A bat walk, led by Kent Bat Group was originally planned to take place on the 6th September 2008. However, it had to be postponed until summer 2009 due to very bad weather (in very poor conditions bats don’t tend to stir from their roosts at all). Some general advice on woodland management for bats was given by Kent Bat Group however, and an initial habitat walk was undertaken in daylight to help identify potential bat feeding areas and survey areas. The Bat walk has been re-scheduled for May 2009 and will be advertised again to owners near that date. Leaflets about bats in woodland from the Bat Conservation Trust were circulated to owners and the Friends of Old Park Wood have become members of the Kent Bat Group

Bat walk/survey - paid in advance due to original date being postponed: donation to Kent Bat Group = £100



Old Park Wood, Goudhurst  TQ 753390 -  Bat Survey  16th May 2009 


Conditions:  Start 20.30  Dry 11.2C  10% cloud   Sunset:  20.40

                     End  22.10  Dry   7.1C   Clear



Old Park Wood was previously managed commercially, with sweet chestnut being coppiced for fence posts etc.  Although a little of this is still carried on, the woodland is now in multiple ownership and used mainly for leisure activity.  There is a wish to encourage wildlife, particularly protected species, and the purpose of this survey was to ascertain what bat species were already present.

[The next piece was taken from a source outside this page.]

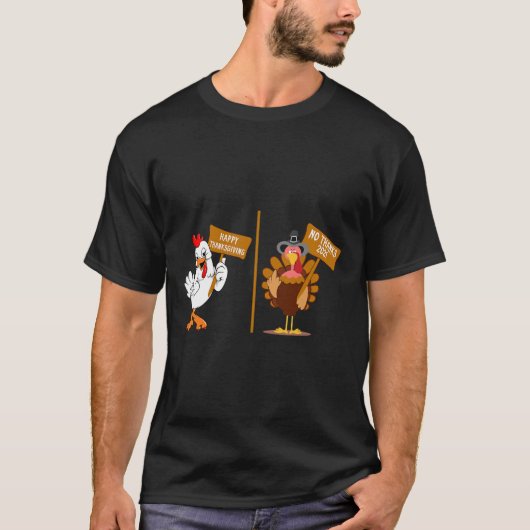Thanksgiving Turkey No Thanks Grumpy Halloween Fun T-shirt (Voorkant)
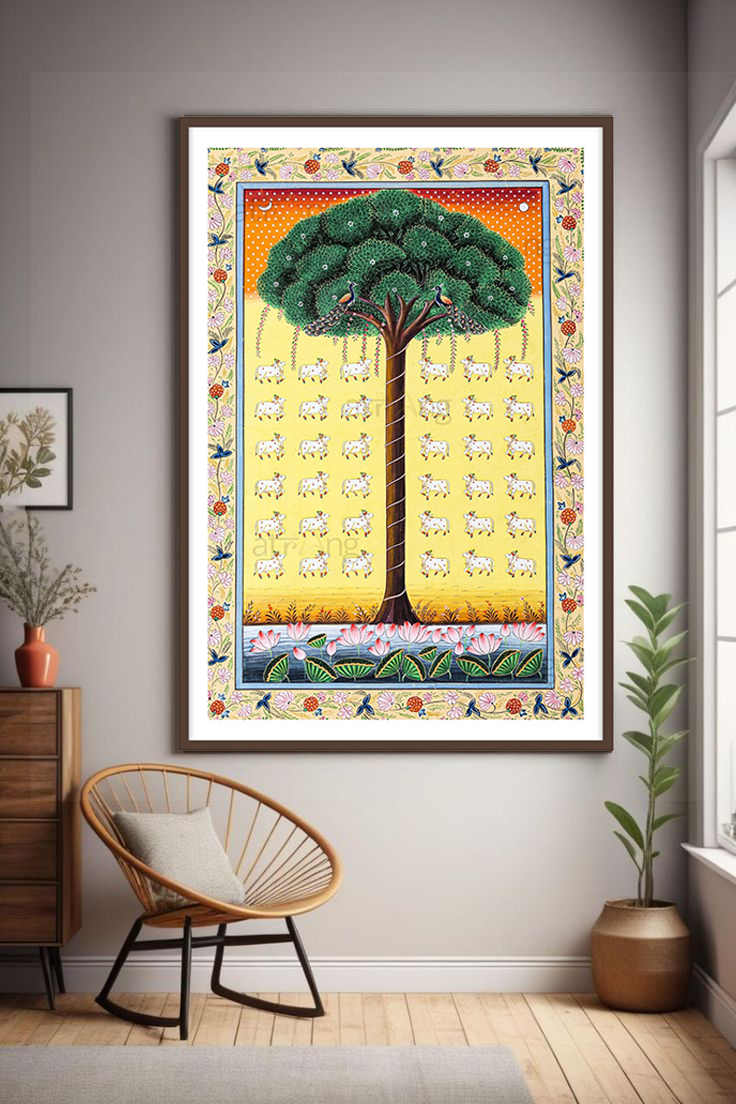 Tree of Life Pichwai Painting | Phad Indian Art for Wall Decor by The Atrang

 The six areas chosen for the survey were:

1. junction of Limberlost and Corsican,  
2. junction of Green, Northridge and Rustle,   
3. Bent Oak and Beach Mast,  
4. south of Retreat,   
5. mainly Bugle and Crow,   
6. Century and Round Green  

These were identified as having likely bat potential, with an owner and at least one experienced bat worker per group, walking along the main track and footpaths.  Peter Scrimshaw had a roving brief, covering the whole site, recording activity for later analysis with Bat Sound.

 The Survey

The first bats were encountered at 21.00 by groups 2, 3/5 and 4 and were single Common (45 kHz) Pipistrelles.  The bats were far enough apart geographically to be different individuals.  21.00 was the classic ‘twenty minutes after sunset’ which is the time pipistrelles are expected to emerge from their roosts, suggesting that they had not flown far.  Group 1’s first bat was a Soprano (55 kHz) Pipistrelle and group 6, at the northern tip of the woodland, had to wait until 21.20 for their first bat, a 45 kHz pip.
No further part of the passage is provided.